**Directions for this task**
Each line from the one holding "a living room" to the last line below must be restated word for word, and no picture may be included.

Records from a collection
# # # # # # #
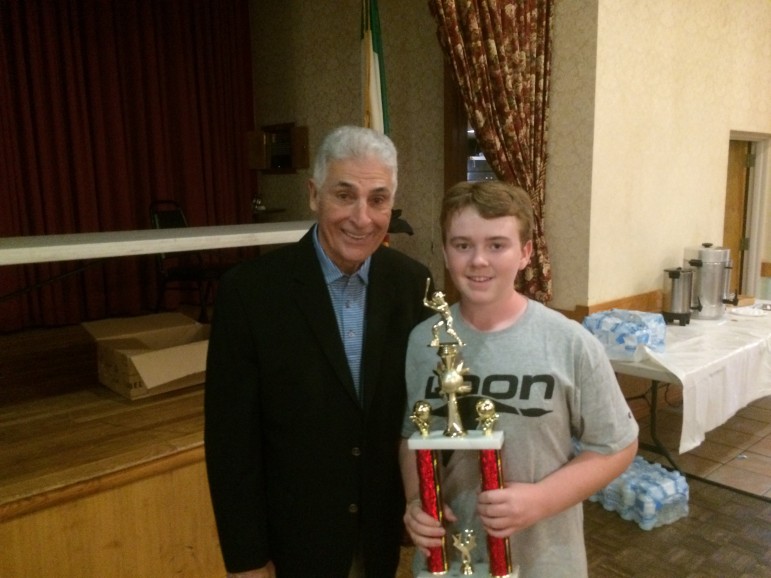 Tim McCall, the Watertown Youth Baseball Sportsperson of the year holds his trophy, which was presented to him by Dick Berardino.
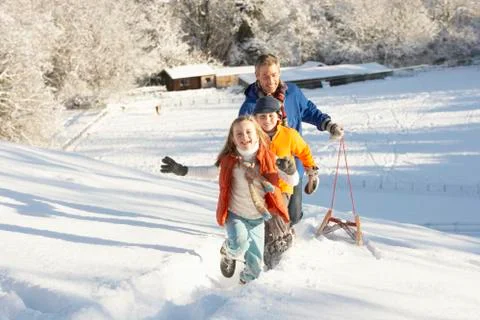 Father and children pulling sledge up snowy hill Stock Photos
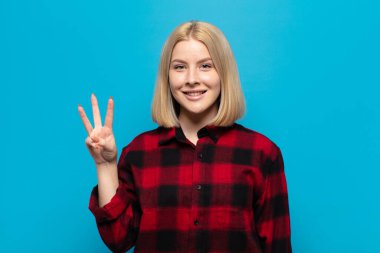 Sarışın kadın gülümsüyor ve arkadaş canlısı görünüyor, üç ya da üç numarayı gösteriyor, eli önde, geriye doğru sayıyor.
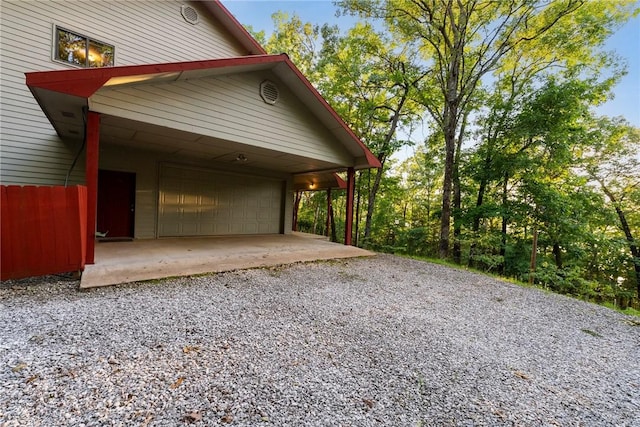 9151 Bay Ridge Ln, Garfield, AR 72732 - view of property exterior with gravel driveway and an attached garage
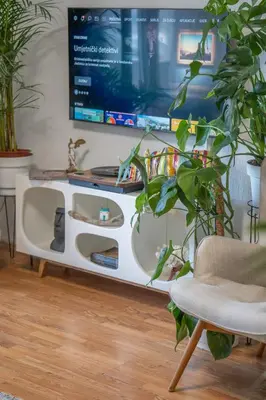 a living room with a tv on a white entertainment center at The view of Kotor - Sea & Old town view in Kotor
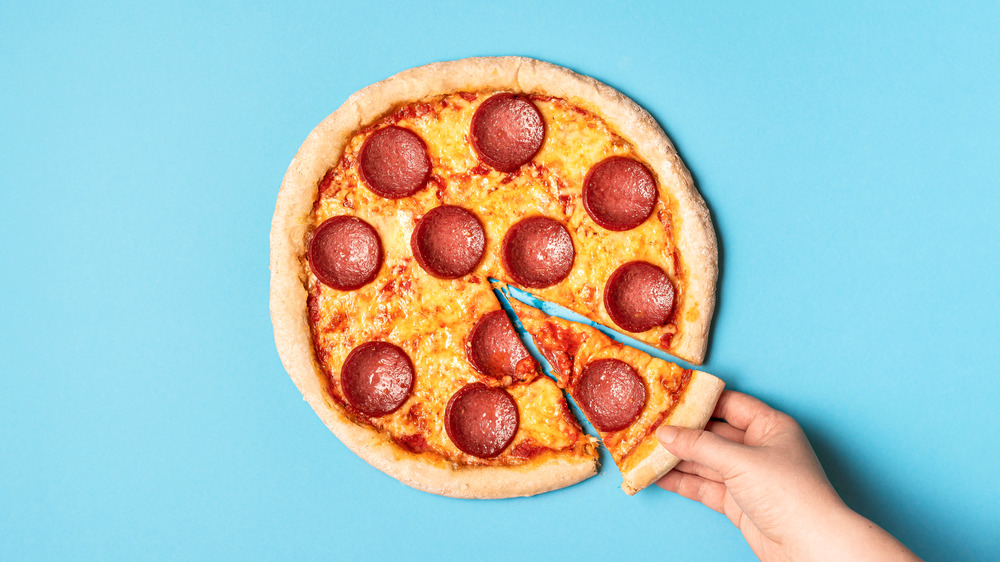 Hand grabbing a slice of pizza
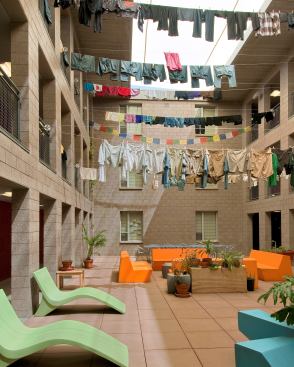 The Gold Standard Laundry hangs drying in the “sustainabiliity room”&nbsp;inside student housing at Barrett Honors College at Arizona State University. This building earned LEED Gold certification.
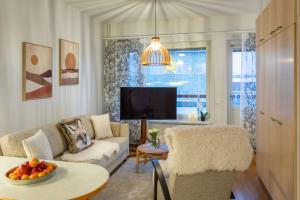 un salon avec un canapé et une télévision dans l'établissement Vasko luxurious suites, Luppo, à Rovaniemi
# # # # # # #
**Finished exercise**
 a living room with a tv on a white entertainment center at The view of Kotor - Sea & Old town view in Kotor
 Hand grabbing a slice of pizza
 The Gold Standard Laundry hangs drying in the “sustainabiliity room”&nbsp;inside student housing at Barrett Honors College at Arizona State University. This building earned LEED Gold certification.
 un salon avec un canapé et une télévision dans l'établissement Vasko luxurious suites, Luppo, à Rovaniemi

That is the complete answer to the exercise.